For example, in the entry on Joshua (the person), you'll learn that five persons in the Bible bear this name and that Joshua ben Hananiah was an important early rabbinic sage outside the biblical corpus. You'll learn where else in the Bible this name surfaces (and in the Logos version, all Bible entries are linked, so you can visit them immediately—a huge plus) and who it's referring to, as well as informative commentary for each that will broaden your understanding of the person according to the related context, culture, and background.
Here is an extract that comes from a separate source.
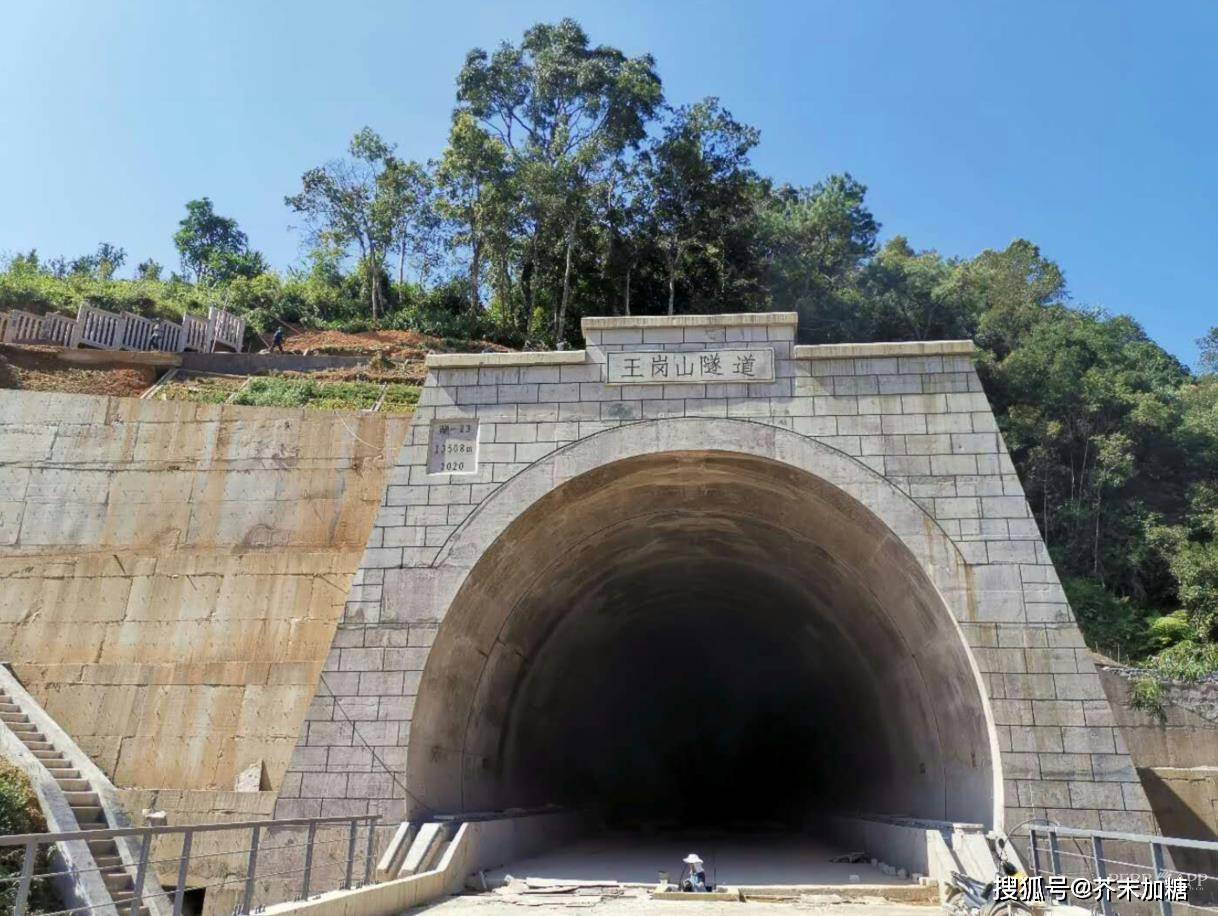 中老铁路建设再传捷报王岗山隧道进口端正洞贯通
Every supporting article includes an exhaustive bibliography to research the topic further.
You'll come away with a solid theological understanding of the word, topic, place, event, person, or idea and confidence that what you learned is backed by scholars in the field you can trust.
“‘Repent and be baptized … so that your sins may be forgiven’ (Acts 2:38). Further usage links repentance not only with forgiveness (5:31) but also with ‘faith in our Lord Jesus’ (20:21) and with ‘life,’ as a result of repentance (11:18). In Acts 17:30–31 Paul on the Areopagus states God’s command for ‘all people everywhere to repent’ or be justly judged. Parallel to the phenomena in the gospels (NIDNTT 1: 359), repentance in Acts may be complementary to faith (20:21) or include faith (17:30) and leads to forgiveness of sins (2:38; 5:31) and eternal life (11:18).” (Volume 5, Page 673)
“JOY. The experience of deliverance and the anticipation of salvation provide the most significant occasions for rejoicing among the people of God in the OT. The coming of the Messiah, who delivers his people and brings salvation becomes the basis for rejoicing in the NT. The response of joy, gladness, or happiness is not only a deep inward feeling, but is expressed in celebration when God’s people gather together.” (Volume 3, Page 1022)
“In the following centuries the original meaning of the eucharistic sacramentum was entirely forgotten, and increasingly it came to be viewed either as a mysterious and mystical ‘communion’ with Christ, or (particularly for the laity) as a sacrificial ritual that served to heighten the sanctity (and the authority) of the presiding priestly hierarchy.” (Volume 1, Page 1199)
“When we review the rabbinic evidence, we discover that the basic issue separating the Sadducees and Pharisees/rabbis was purity.” (Volume 5, Page 893)
“There is wide agreement, however, that for most of the prophets, the Day of Yahweh meant that time in the relatively near future when Yahweh would punish not only his people’s enemies, but also his people (Israel, Judah, or the Jewish people) for breaking the covenant. Then, either through a new Davidic king or messiah or by acting directly, Yahweh would establish his own rule or kingdom over all the earth.” (Volume 2, Page 83)
The Anchor Yale Bible Series, previously the Anchor Bible Series, is a renowned publishing program that for more than 50 years has produced books devoted to the latest scholarship on the Bible and biblical topics. Yale University Press, having acquired this prestigious series in 2007, is now proud to offer all previously published Anchor Bible titles as well as new books—more than 115 titles in all. Many more volumes are in progress as the AYB Editorial Board, under the direction of General Editor John J. Collins, vigorously pursues the goal of bringing to a wide audience the most important new ideas, the latest research findings, and the clearest possible analysis of the Bible. Widely recognized as the flagship of American biblical scholarship, the Anchor Yale Bible Series is comprised of:
...Because of the numerous developments in biblical scholarship during the past three decades, the editor felt (rightly) that it was time for a Bible dictionary that would represent the current state of the discipline.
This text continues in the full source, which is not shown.